Price: £1.76 per serving

Nutritional Information

Each 462g serving contains

Energy
1931kj
462kcal
23%
Fat
10.2g
Med
15%
Saturates
1.4g
Low
7%
Sugars
12.5g
High
14%
Salt
0.69g
Med
12%
2
of your 5-a-day
of your reference intake.
Typical energy values per 100g:
418kj/100kcal

Ingredients

3 red peppers, deseeded and quartered

1 red onion, peeled and quartered

3 cloves garlic, unpeeled

2tbsp olive oil

1 green pepper, deseeded and sliced

300g spaghetti

2tbsp Fino sherry

1tsp red wine vinegar

400g tin chopped tomatoes

200g Extra Special frozen Peeled King Prawns, thawed

20g flaked almonds, toasted

1tsp chilli flakes (optional)

10g basil leaves

Method

1
Preheat the oven to 200C/180C Fan/Gas 6.
2
On a baking tray, toss the red peppers, red onion and garlic in 1tbsp of the olive oil.

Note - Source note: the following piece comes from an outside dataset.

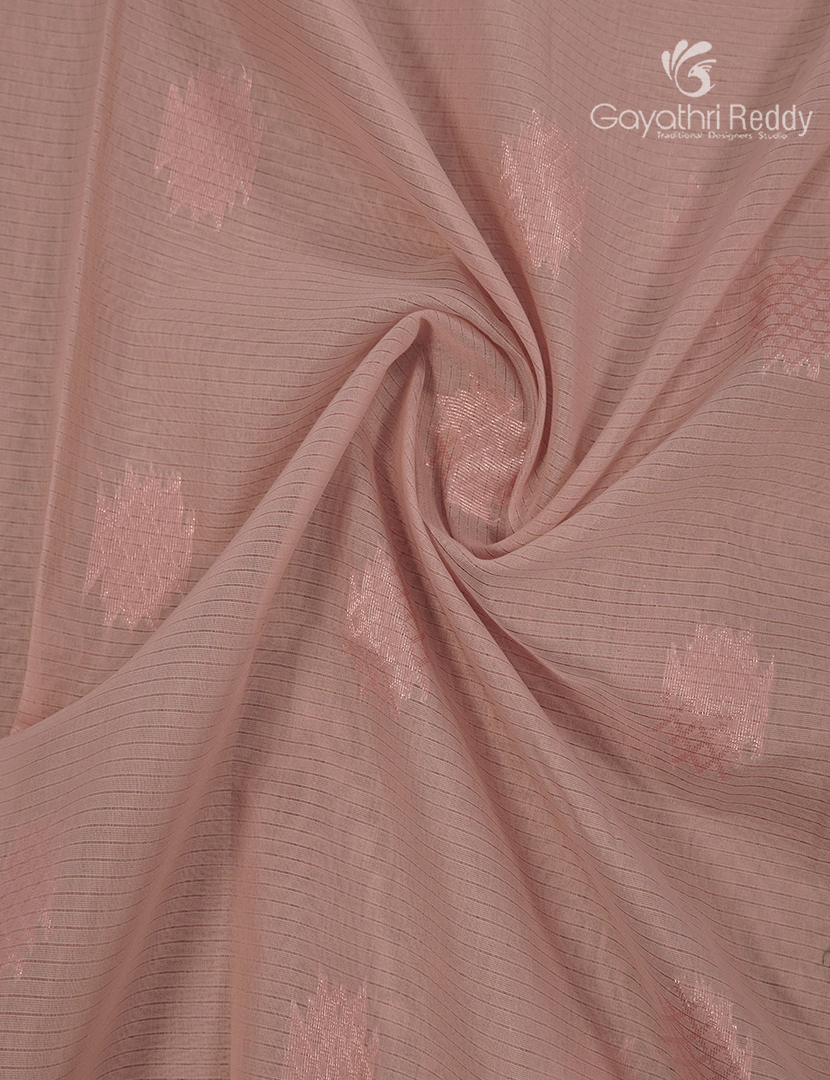 Kanchipuram Sico Saree in Pastel Chikoo and Teal Blue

Roast for 40 mins then squeeze the garlic cloves out of their skins.
3
Meanwhile, fry the green pepper in the rest of the olive oil for 5 mins. Set aside in the pan.
4
Cook the spaghetti according to the pack instructions. Drain, then return to the pan.
5
Blend the roasted vegetables to a paste with the sherry and red wine vinegar. Add to the green peppers with the chopped tomatoes and the thawed prawns. Cook on a medium heat until piping hot.
6
Mix the spaghetti into the sauce, then top with the flaked almonds, chilli flakes and basil leaves to serve.